--- Goal of the exercise ---
Return every line of the data below exactly, but do not include the images.

━━━━━━━━

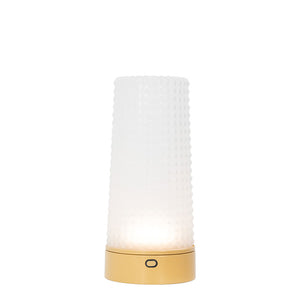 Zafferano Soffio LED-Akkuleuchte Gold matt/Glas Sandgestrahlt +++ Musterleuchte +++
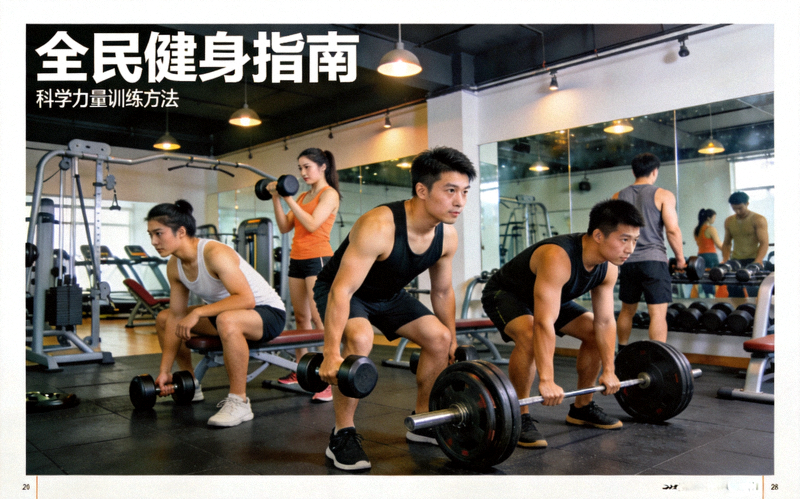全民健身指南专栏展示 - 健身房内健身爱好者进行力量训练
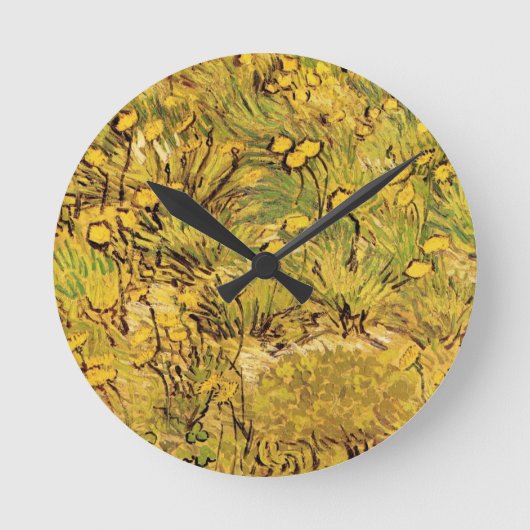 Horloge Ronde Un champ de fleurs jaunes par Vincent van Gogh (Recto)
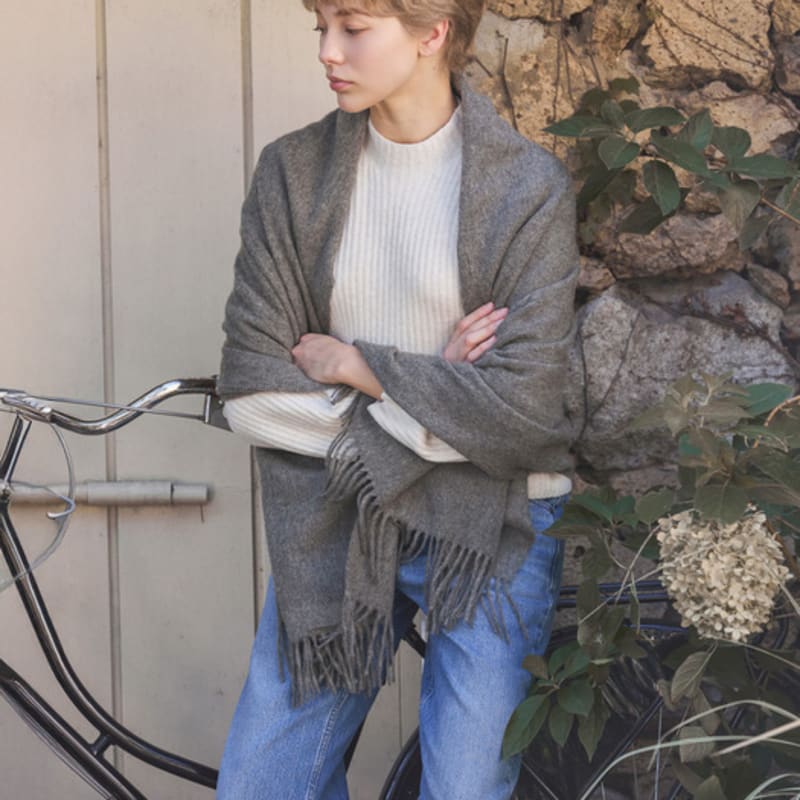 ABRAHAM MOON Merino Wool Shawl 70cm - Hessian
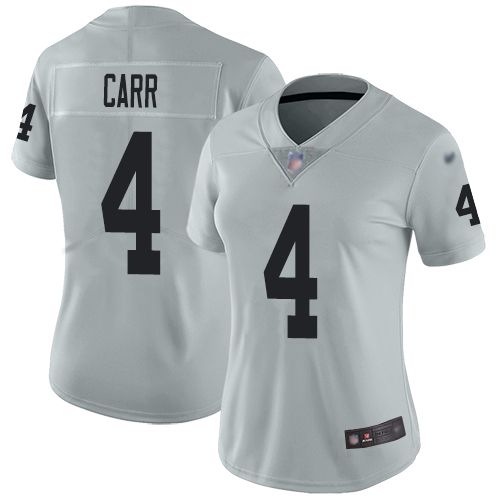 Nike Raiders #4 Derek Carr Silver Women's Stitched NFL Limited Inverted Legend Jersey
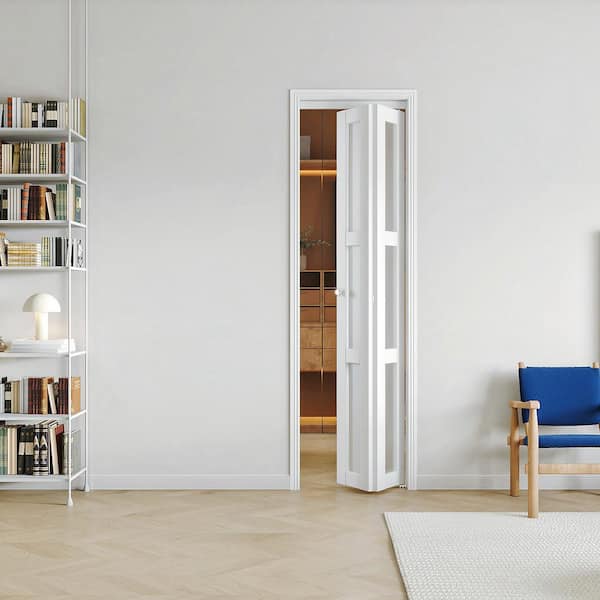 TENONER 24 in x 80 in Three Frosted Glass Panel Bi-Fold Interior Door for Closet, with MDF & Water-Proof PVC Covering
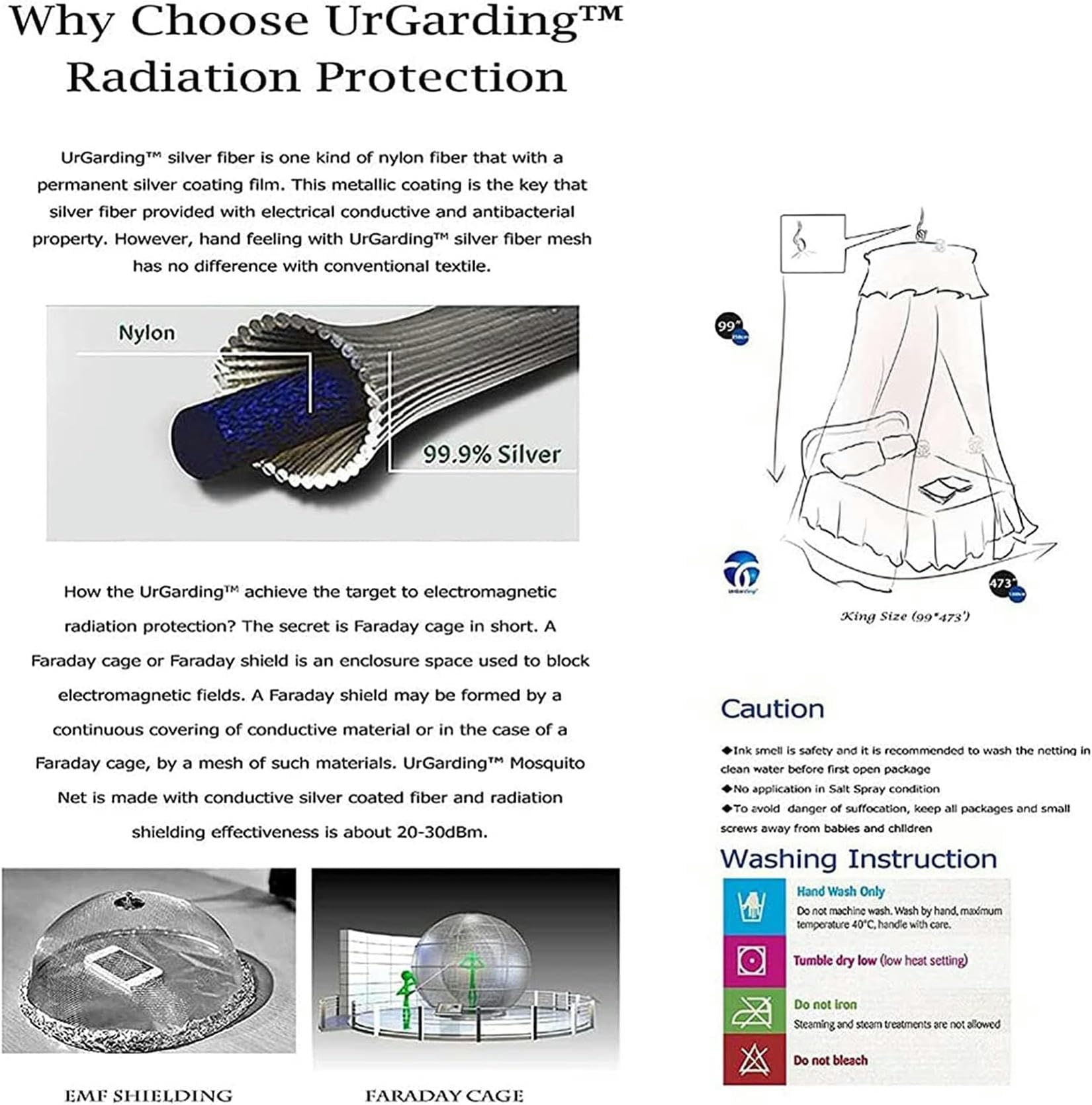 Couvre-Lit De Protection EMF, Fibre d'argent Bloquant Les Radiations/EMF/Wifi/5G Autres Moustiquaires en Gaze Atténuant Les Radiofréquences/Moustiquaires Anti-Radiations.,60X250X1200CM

━━━━━━━━

--- Result of the task ---
 Zafferano Soffio LED-Akkuleuchte Gold matt/Glas Sandgestrahlt +++ Musterleuchte +++
全民健身指南专栏展示 - 健身房内健身爱好者进行力量训练
 Horloge Ronde Un champ de fleurs jaunes par Vincent van Gogh (Recto)
 ABRAHAM MOON Merino Wool Shawl 70cm - Hessian
 Nike Raiders #4 Derek Carr Silver Women's Stitched NFL Limited Inverted Legend Jersey
 TENONER 24 in x 80 in Three Frosted Glass Panel Bi-Fold Interior Door for Closet, with MDF & Water-Proof PVC Covering
 Couvre-Lit De Protection EMF, Fibre d'argent Bloquant Les Radiations/EMF/Wifi/5G Autres Moustiquaires en Gaze Atténuant Les Radiofréquences/Moustiquaires Anti-Radiations.,60X250X1200CM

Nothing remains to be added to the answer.